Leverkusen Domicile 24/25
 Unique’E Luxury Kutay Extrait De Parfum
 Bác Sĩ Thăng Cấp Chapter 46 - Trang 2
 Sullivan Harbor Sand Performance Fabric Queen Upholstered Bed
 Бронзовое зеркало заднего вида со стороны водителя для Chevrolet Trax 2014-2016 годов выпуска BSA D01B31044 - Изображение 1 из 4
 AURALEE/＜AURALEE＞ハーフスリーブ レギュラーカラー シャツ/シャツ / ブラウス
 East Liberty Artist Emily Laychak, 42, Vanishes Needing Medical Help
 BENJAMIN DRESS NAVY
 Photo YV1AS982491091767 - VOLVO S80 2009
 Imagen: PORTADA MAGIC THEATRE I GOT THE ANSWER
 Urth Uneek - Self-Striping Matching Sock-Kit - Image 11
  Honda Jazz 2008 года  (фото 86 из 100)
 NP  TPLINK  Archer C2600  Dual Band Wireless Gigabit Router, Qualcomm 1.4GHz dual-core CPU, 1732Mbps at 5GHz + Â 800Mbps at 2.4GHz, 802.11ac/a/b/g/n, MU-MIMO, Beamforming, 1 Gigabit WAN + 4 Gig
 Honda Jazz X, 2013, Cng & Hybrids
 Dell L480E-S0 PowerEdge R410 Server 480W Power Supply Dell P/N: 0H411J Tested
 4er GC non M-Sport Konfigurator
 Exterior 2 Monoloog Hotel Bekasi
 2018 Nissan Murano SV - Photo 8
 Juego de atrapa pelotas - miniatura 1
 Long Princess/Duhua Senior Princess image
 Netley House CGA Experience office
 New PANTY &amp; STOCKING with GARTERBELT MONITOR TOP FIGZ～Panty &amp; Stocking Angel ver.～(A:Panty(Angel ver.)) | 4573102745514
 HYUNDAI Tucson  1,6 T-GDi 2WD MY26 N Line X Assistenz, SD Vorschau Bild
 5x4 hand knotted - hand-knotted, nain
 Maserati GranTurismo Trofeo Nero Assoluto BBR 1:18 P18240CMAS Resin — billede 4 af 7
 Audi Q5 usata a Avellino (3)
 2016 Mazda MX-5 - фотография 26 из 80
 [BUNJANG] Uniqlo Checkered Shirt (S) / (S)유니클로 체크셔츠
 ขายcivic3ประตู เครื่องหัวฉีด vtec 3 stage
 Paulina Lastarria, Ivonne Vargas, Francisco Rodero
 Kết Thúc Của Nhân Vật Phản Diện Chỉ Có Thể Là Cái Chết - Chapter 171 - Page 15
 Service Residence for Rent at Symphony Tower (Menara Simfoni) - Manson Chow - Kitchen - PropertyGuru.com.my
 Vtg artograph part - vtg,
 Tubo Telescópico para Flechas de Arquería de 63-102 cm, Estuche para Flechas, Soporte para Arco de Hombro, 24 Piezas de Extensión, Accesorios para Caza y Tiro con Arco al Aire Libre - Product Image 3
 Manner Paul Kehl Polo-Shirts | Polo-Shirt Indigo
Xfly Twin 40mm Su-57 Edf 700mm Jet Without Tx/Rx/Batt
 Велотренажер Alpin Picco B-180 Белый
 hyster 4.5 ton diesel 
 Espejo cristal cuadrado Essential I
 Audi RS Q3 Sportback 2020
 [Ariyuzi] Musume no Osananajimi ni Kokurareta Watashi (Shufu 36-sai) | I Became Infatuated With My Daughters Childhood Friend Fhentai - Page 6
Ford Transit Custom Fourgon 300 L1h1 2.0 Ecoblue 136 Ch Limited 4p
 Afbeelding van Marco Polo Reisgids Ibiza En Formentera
------------------------------------------------------------------------
Return the lines containing "Page", taking each one from the listing.

 Kết Thúc Của Nhân Vật Phản Diện Chỉ Có Thể Là Cái Chết - Chapter 171 - Page 15
 [Ariyuzi] Musume no Osananajimi ni Kokurareta Watashi (Shufu 36-sai) | I Became Infatuated With My Daughters Childhood Friend Fhentai - Page 6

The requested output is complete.